United States District Court, District of Columbia
MICHAEL S. FLAHERTY et al., Plaintiffs,
v.
WILBUR ROSS et al., Defendants.
MEMORANDUM OPINION
TIMOTHY J. KELLY UNITED STATES DISTRICT JUDGE
Plaintiffs
Michael Flaherty, Captain Alan Hastbacka, and the Ocean River
Institute filed their initial complaint in 2011. They sued
the Secretary of Commerce, the National Oceanic and
Atmospheric Administration, and the National Marine Fisheries
Service (“the Service”), alleging that Defendants
violated the Magnuson-Stevens Act and the Administrative
Procedure Act in amending a federal fishery management plan
covering the Atlantic herring fishery in the northeastern
United States.
Over
the course of the litigation, including multiple rulings from
this Court, Plaintiffs have several times amended or
supplemented their complaint, updating their challenges to
reflect Defendants' subsequent amendments to the plan.
Perhaps frustrated with what they perceived as an inability
to compel the specific changes to the plan they seek,
Plaintiffs most recently amended their complaint to include
two claims.
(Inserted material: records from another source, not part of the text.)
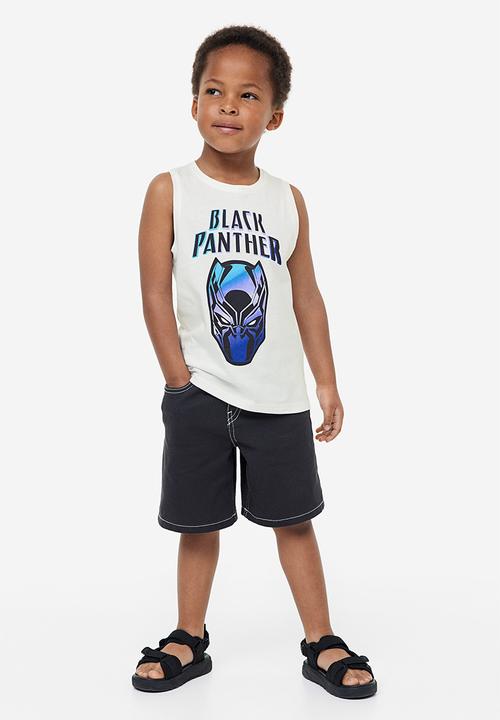 H&M - Printed vest top - white & black panther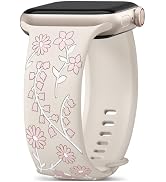 Floral Engraved Band Compatible with Apple Watch Bands for Women 40mm 42mm 41mm 38mm 44mm 45mm 46...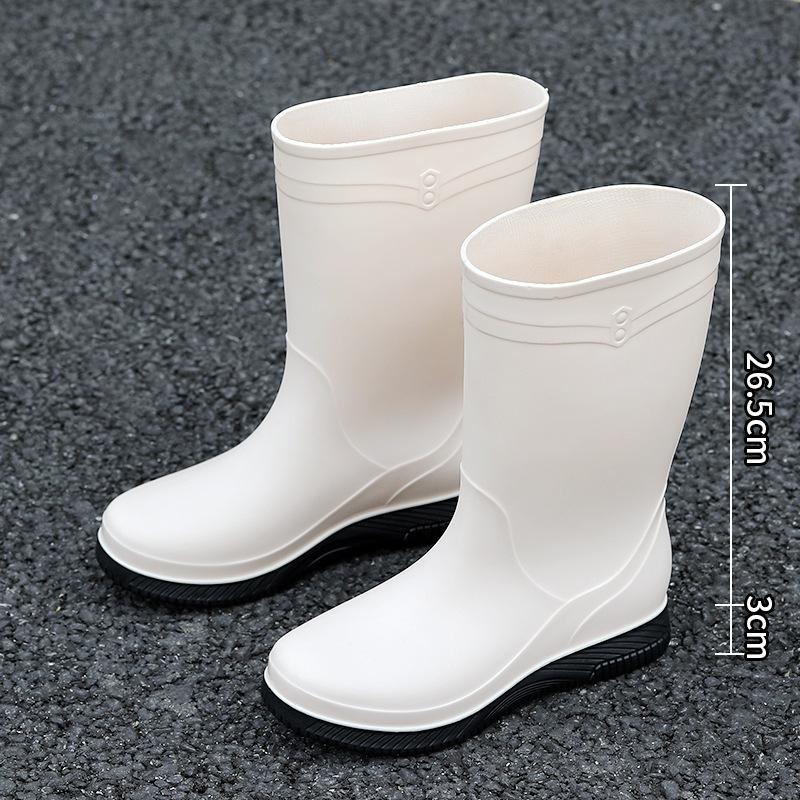 New PVC four-season medium tube rain shoes women's fashion waterproof shoes wear-resistant and non-slip water boots rain boots Japanese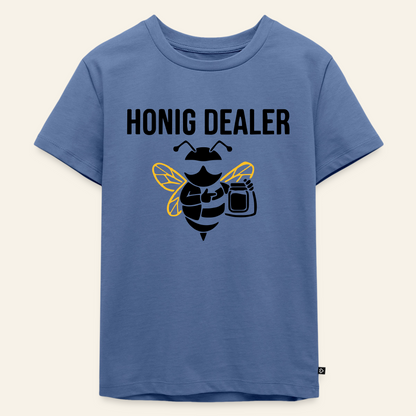 Honig Dealer Kinder T-Shirt in Steinblau – Vorderseite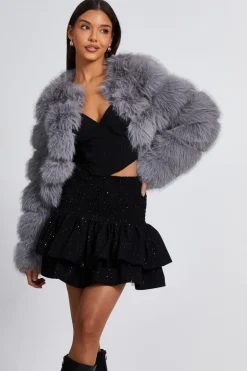 Quiz Glitter Shirred Waist Skirt Black Online
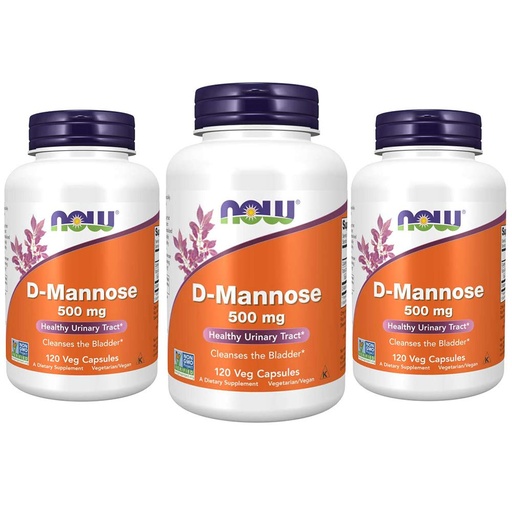 [BRSWGYYDPMNRMFLV] NOW Foods Supplements, D-Mannose 500 mg, Non-GMO Project Verified, Healthy Urinary Tract*, 120 Veg Capsules (Pack of 3)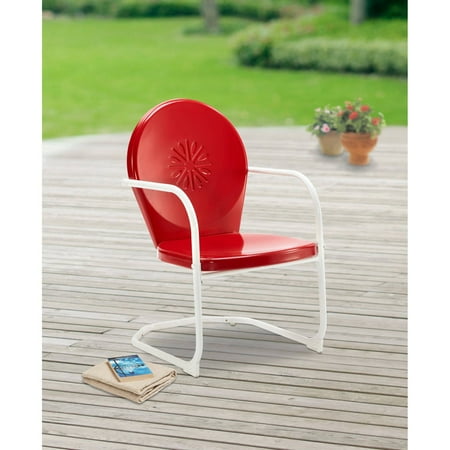 spring metal chair retro chairs patio mainstays outdoor walmart bar durable motion glider rocking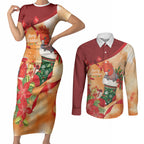 Gang-gang Cockatoo Christmas Australia Couples Matching Short Sleeve Bodycon Dress and Long Sleeve Button Shirt Aussie Xmas Sock Coquette Bow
They assert those claims-Count II and Count
III-directly against the New England Fishery Management
Council (“the Council”), the body that developed
the plan at issue and proposed it to Defendants. But
Plaintiffs face an ultimately fatal obstacle: the Council is
not an “agency” as that term is defined under the
Administrative Procedure Act. And Defendants, along with the
Sustainable Fisheries Coalition
(“Defendant-Intervenor”), which intervened as a
defendant, have filed motions to dismiss Counts II and III on
that basis, among others. Because the Court holds that the
Council is not an “agency” as defined under the
Administrative Procedure Act, the Court lacks jurisdiction
over Plaintiffs' claims against it and Counts II and III
must be dismissed. Accordingly, and for the reasons explained
below, the motions will be granted.
I.
Factual and Procedural Background
A.
The Magnuson-Stevens Act
Congress
enacted the Magnuson-Stevens Fishery Conservation and
Management Act (the “MSA” or “Act”),
16 U.S.C. § 1801 et seq., in 1976 to conserve
and manage the Nation's fishery resources. The Act
establishes a “national program for the conservation
and management of those resources with the aim to
“prevent overfishing, to rebuild overfished stocks, to
insure conservation, to facilitate long-term protection of
essential fish habitats, and to realize the full potential of
the Nation's fishery resources.” Id.
§ 1801(a)(6). Congress nominally placed this program and
its attendant responsibilities under the authority of the
Secretary of Commerce, but in practice the Secretary
delegates that authority to the Service, a sub-agency of the
National Oceanic and Atmospheric Administration. See NRDC
v. Nat'l Marine Fisheries Serv., 71
F.Supp.3d 35, 40 (D.D.C 2014).
A key
feature of the MSA's conservation and management program
are its “fishery management plans” (FMPs), which
are designed to “achieve and maintain, on a continuing
basis, the optimum yield from each fishery.” 16 U.S.C.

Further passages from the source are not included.